Tristan, looks like Mircea's looking into this. I've done some investigation
yesterday, Mircea, pls ping me today and we can have a chat about this.
On 23 Nov 2010, at 16:16, Manik Surtani wrote:
Not as yet - I'll try and find some time this week.
On 23 Nov 2010, at 14:50, Tristan Tarrant wrote:
> Manik, did you have an opportunity to read the trace ?
>
> Tristan
>
> On Mon, Nov 22, 2010 at 18:49, Tristan Tarrant <tristan.tarrant(a)gmail.com>
wrote:
> I have attached the trace to
https://jira.jboss.org/browse/ISPN-765
>
> If you need more info, just ask :)
>
> Tristan
>
> On Mon, Nov 22, 2010 at 17:53, Manik Surtani <manik(a)jboss.org> wrote:
> I believe the rehasher actually does do this. Do you have a test that consistently
reproduces this?
>
> On 20 Nov 2010, at 15:36, Tristan Tarrant wrote:
>
>> I can reproduce something similar every time. With the latest 4.2.x git, if I
wait for each node to initialize before starting the next everything is fine: with an
empty cache the time to start each node is in the order of a couple of seconds. If
instead, I start two or more nodes at the same time, Infinispan seizes up for a much
longer time. In the worst case I have seen Infinispan time out after 20 minutes. I can
provide exact traces (I am not on my work computer at the moment), but I think that the
rehasher should queue up other nodes while it is busy rehashing. This is quite a serious
issue in my opinion and we should try and fix it before CR.
>>
>> Tristan
>>
>> On Mon, Nov 15, 2010 at 11:58, Galder Zamarreño <galder(a)redhat.com> wrote:
>> Sorry, I mean to say that "I'm pretty sure this is NOT a network
issue".
>>
>> It might be mitigated that way yeah, but it'd be helpful for you to help us
adding some TRACE logging for org.infinispan and attaching the startup log files of all
parties involved if you can replicate the issue easily.
>>
>> On Nov 12, 2010, at 4:31 PM, Tristan Tarrant wrote:
>>
>> > Network issue is a bit vague. Would the problem be mitigated by manually
starting each cache one at a time ?
>> >
>> > Tristan
>> >
>> > On Fri, Nov 12, 2010 at 16:09, Galder Zamarreño <galder(a)redhat.com>
wrote:
>> > I'm pretty sure this is a network issue. I saw it myself when testing
concurrent Hot Rod startups, but only happened once of all the times I tried.
>> >
>> > On Nov 12, 2010, at 4:07 PM, Vladimir Blagojevic wrote:
>> >
>> > > This looks more like a network related issue than anything else. Can we
move it jboss forums?
>> > >
>> > > On 2010-11-12, at 11:52 AM, Galder Zamarreño wrote:
>> > >
>> > >> Could be the same root cause behind
https://jira.jboss.org/browse/ISPN-762 ?
>> > >>
>> > >> Mircea/Vladimir, did you guys change the rehashing code for beta1?

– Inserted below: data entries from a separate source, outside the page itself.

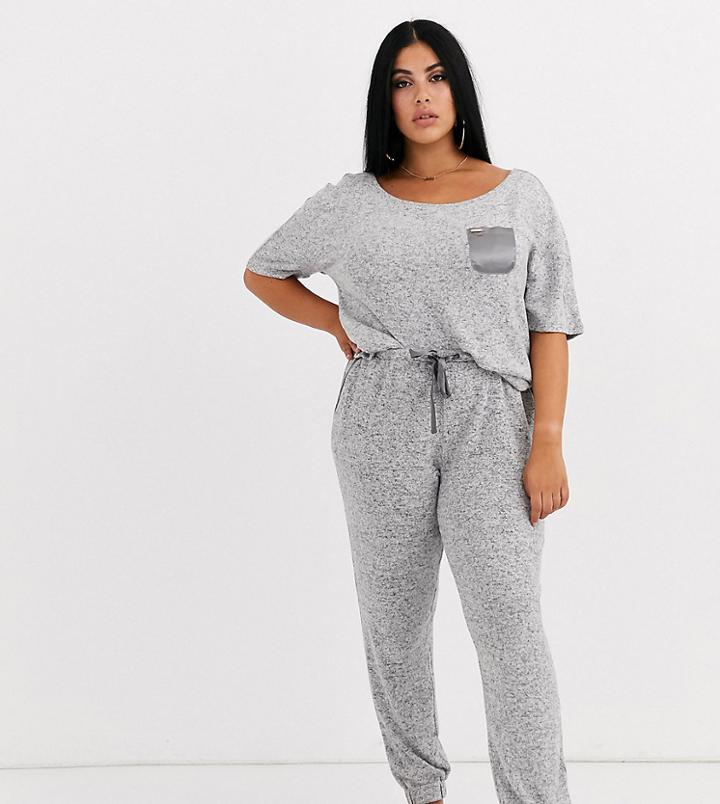 Figleaves Curve Lounge Pant In Gray Marl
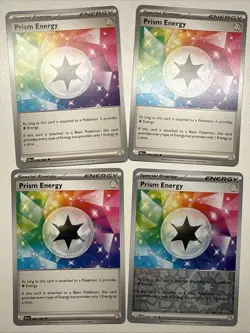 4✖Pokemon TCG - Prism Energy - 086/086 - (Reverse Holo) - SV: Black Bolt - Image 1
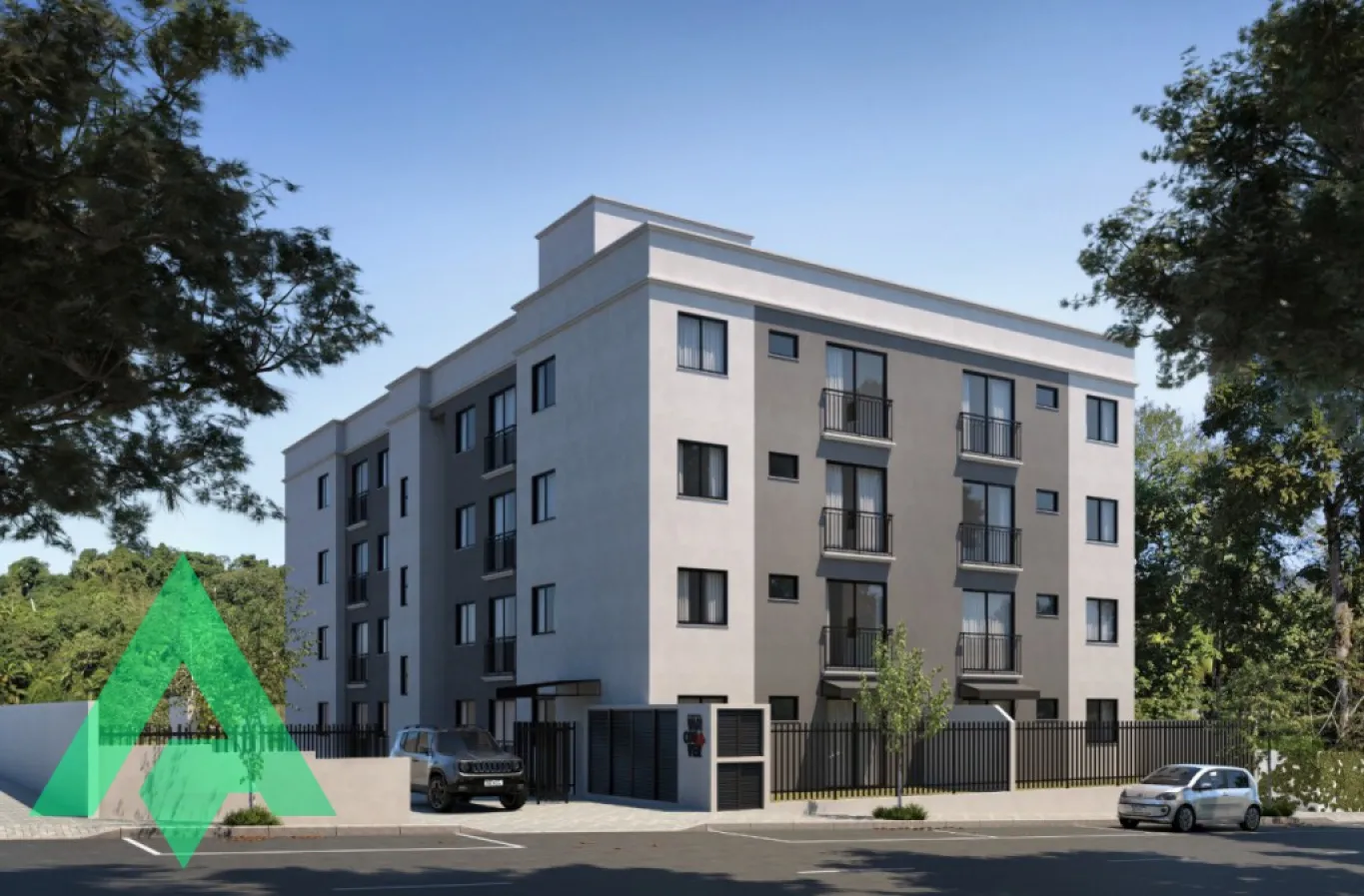 Apartamento de 1 dormitório à venda por R$ 266.500,00 - Bairro Araponguinhas - Timbó/SC - foto 1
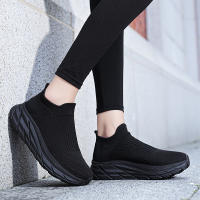 Taburete ultraligero tejido para mujer, zapatos deportivos ultraligeros de gran tamaño, ideal para primavera y otoño - details 1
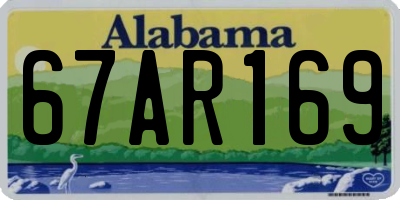 AL license plate 67AR169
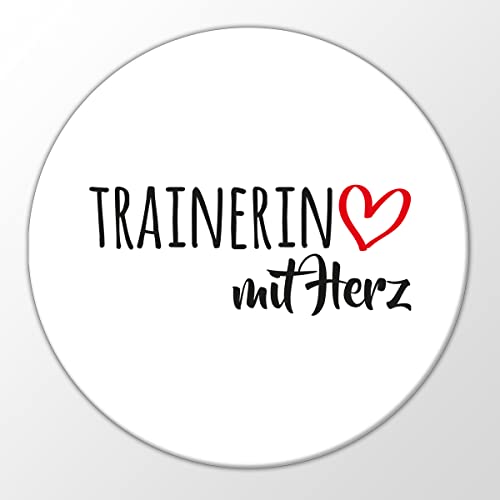 Huuraa Magnet Trainerin mit Herz Kühlschrankmagnet 59mm mit Motiv für die tollsten Menschen Geschenk Idee für Freunde und Familie von huuraa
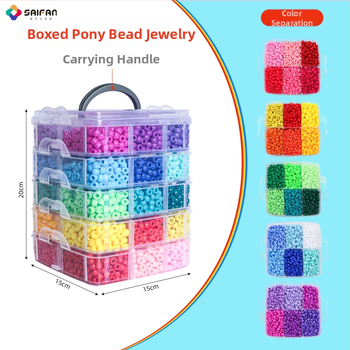 DIY бижута аксесоари — пластмасови мъниста, спрей покритие, Yiwu произход, оригинален дизайн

I believe you did. If so, could you look at this?
>> > >>
>> > >> On Nov 11, 2010, at 3:25 PM, Tristan Tarrant wrote:
>> > >>
>> > >>> Dear all,
>> > >>> we are using 4.2.0.BETA1 and we are getting the following
message when a second node is started.
>> > >>>
>> > >>> 2010-11-11 15:04:38,397 INFO [STDOUT] (main) 20101111 150438
INFO [org.infinispan.remoting.transport.jgroups.JGroupsTransport] (main) Cache local
address is asrab02-38676, physical addresses are [10.100.0.6:55448]
>> > >>> 2010-11-11 15:06:38,656 INFO [STDOUT] (Rehasher-asrab02-38676)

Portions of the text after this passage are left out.